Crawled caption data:

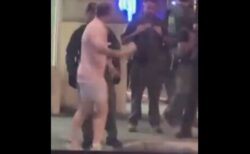 米司法省の職員が、首都の連邦捜査官にサンドイッチを投げつけ、逃走【動画】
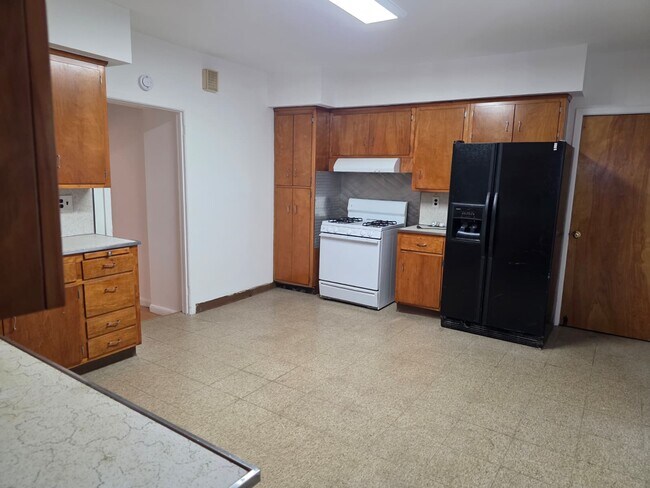 Building Photo - 311 Totowa Ave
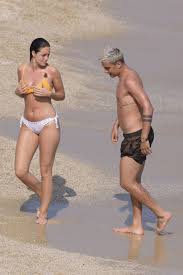 He's trying to lift oriana up with his wrist and needs to put his forearm further forward, read one reply. Oriana Sabatini And Paulo Dybala Mykonos 07 26 2018 Celebmafia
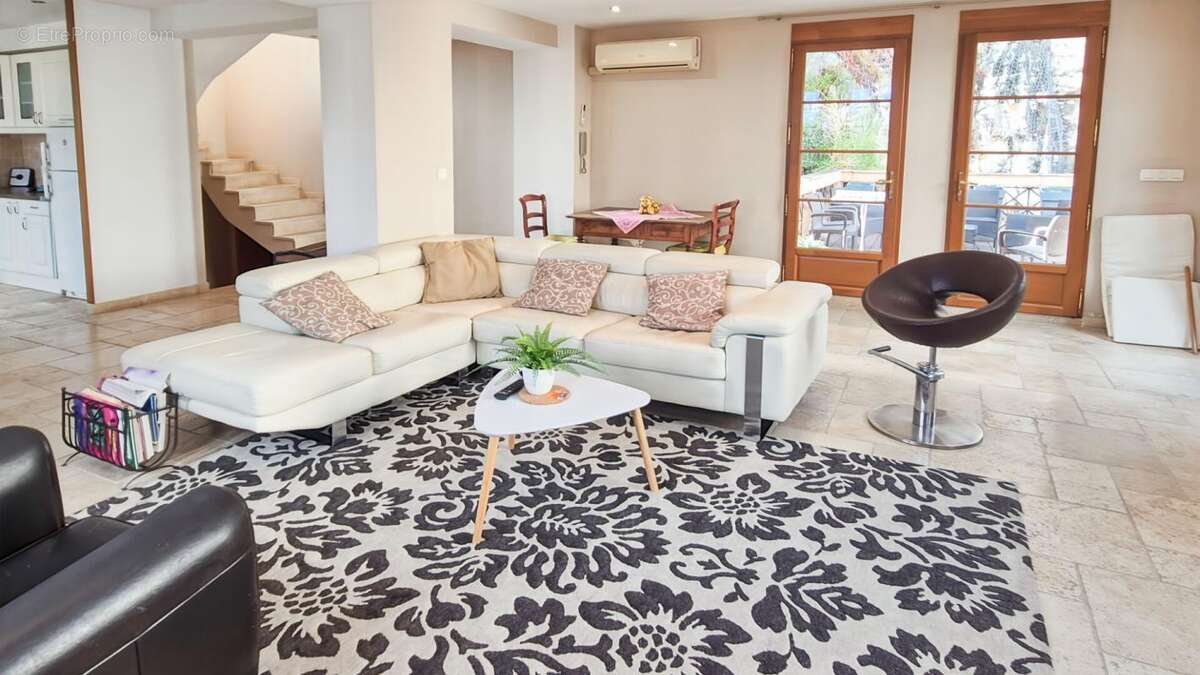 Maison à LES ANGLES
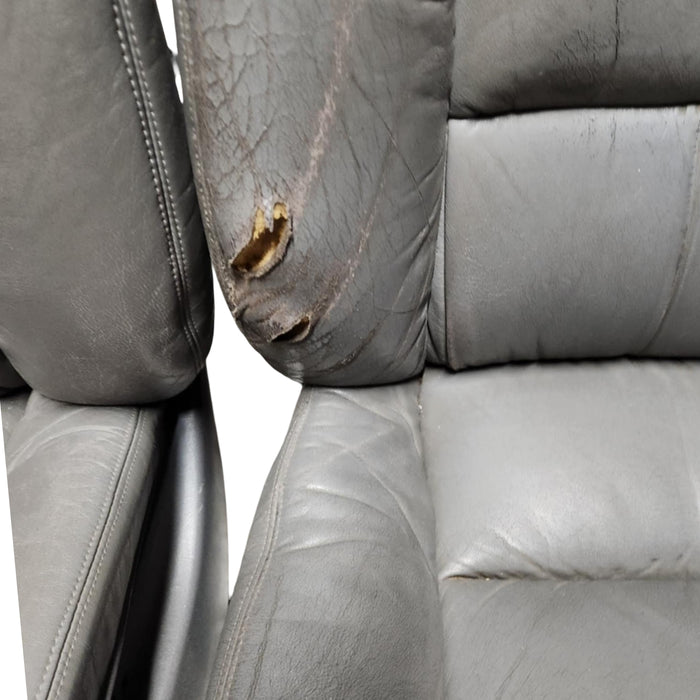 A038 - VS HOLDEN CAPRICE - FRONT SEAT SET  **GOOD FOR PARTS ONLY ** Leather & Cloth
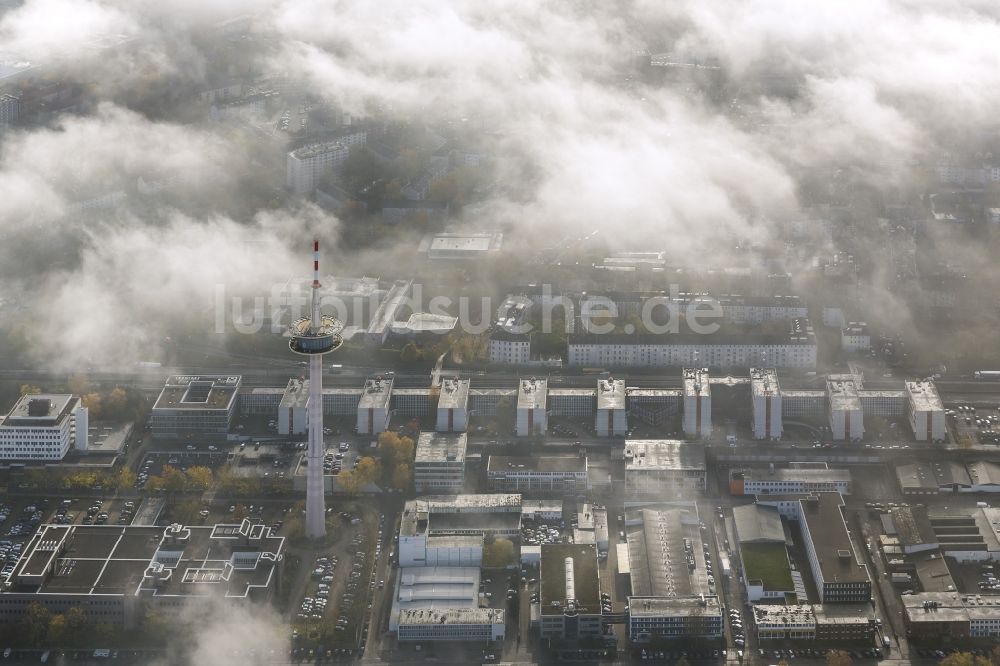 Essen aus der Vogelperspektive: Fernmeldeturm Essen und ETEC GmbH eingehüllt von Nebel- Schwaden und Herbst Wetter Wolken im Bundesland Nordrhein-Westfalen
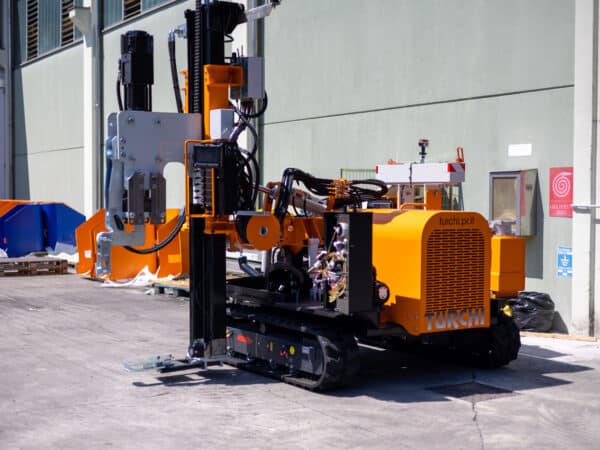Turchi 300F self-propelled hydraulic pile driver for photovoltaic systems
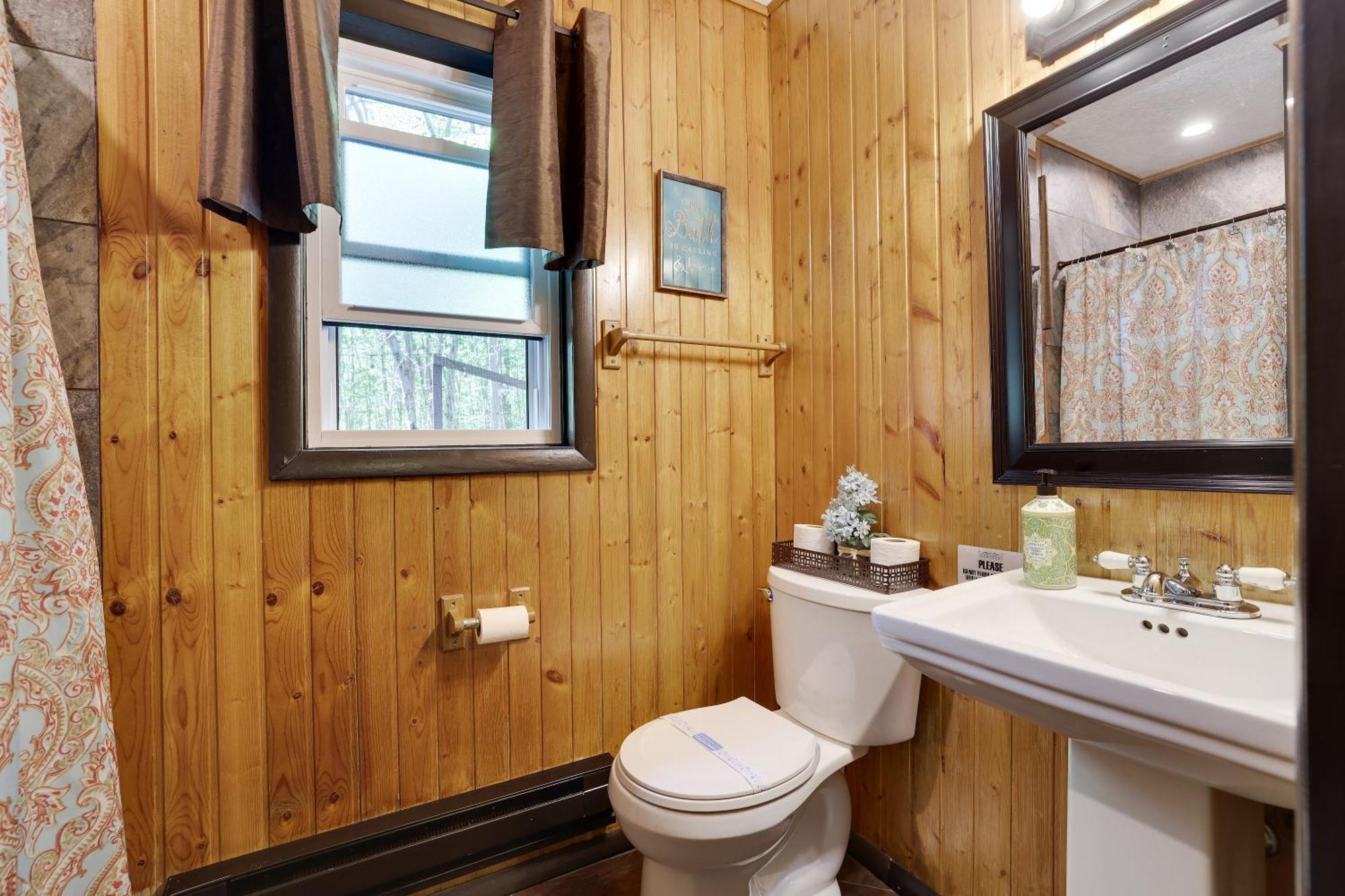 Chalet Renovated Near Casino, Camelback , Kalahari 4Bdrms Firepit Hot Tub Game Room Tobyhanna Экстерьер фото
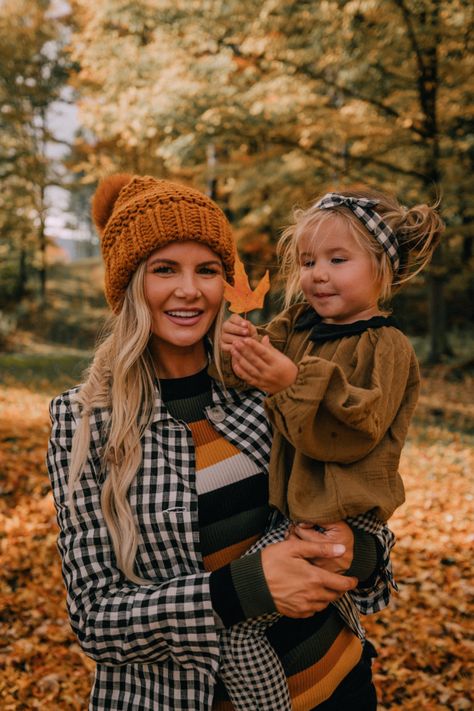 Family Fall Photoshoot Ideas, Family Fall Photoshoot, Blonde Ideas, Fall Photoshoot Ideas, Amber Fillerup Clark, Amber Fillerup, Barefoot Blonde, Life Update, Mommy Daughter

*Prompt*:
Output all the records, word for word, with no pictures in the copy.

*Response for this exercise*:
 米司法省の職員が、首都の連邦捜査官にサンドイッチを投げつけ、逃走【動画】
 Building Photo - 311 Totowa Ave
 He's trying to lift oriana up with his wrist and needs to put his forearm further forward, read one reply. Oriana Sabatini And Paulo Dybala Mykonos 07 26 2018 Celebmafia
 Maison à LES ANGLES
 A038 - VS HOLDEN CAPRICE - FRONT SEAT SET  **GOOD FOR PARTS ONLY ** Leather & Cloth
 Essen aus der Vogelperspektive: Fernmeldeturm Essen und ETEC GmbH eingehüllt von Nebel- Schwaden und Herbst Wetter Wolken im Bundesland Nordrhein-Westfalen
Turchi 300F self-propelled hydraulic pile driver for photovoltaic systems
 Chalet Renovated Near Casino, Camelback , Kalahari 4Bdrms Firepit Hot Tub Game Room Tobyhanna Экстерьер фото
 Family Fall Photoshoot Ideas, Family Fall Photoshoot, Blonde Ideas, Fall Photoshoot Ideas, Amber Fillerup Clark, Amber Fillerup, Barefoot Blonde, Life Update, Mommy Daughter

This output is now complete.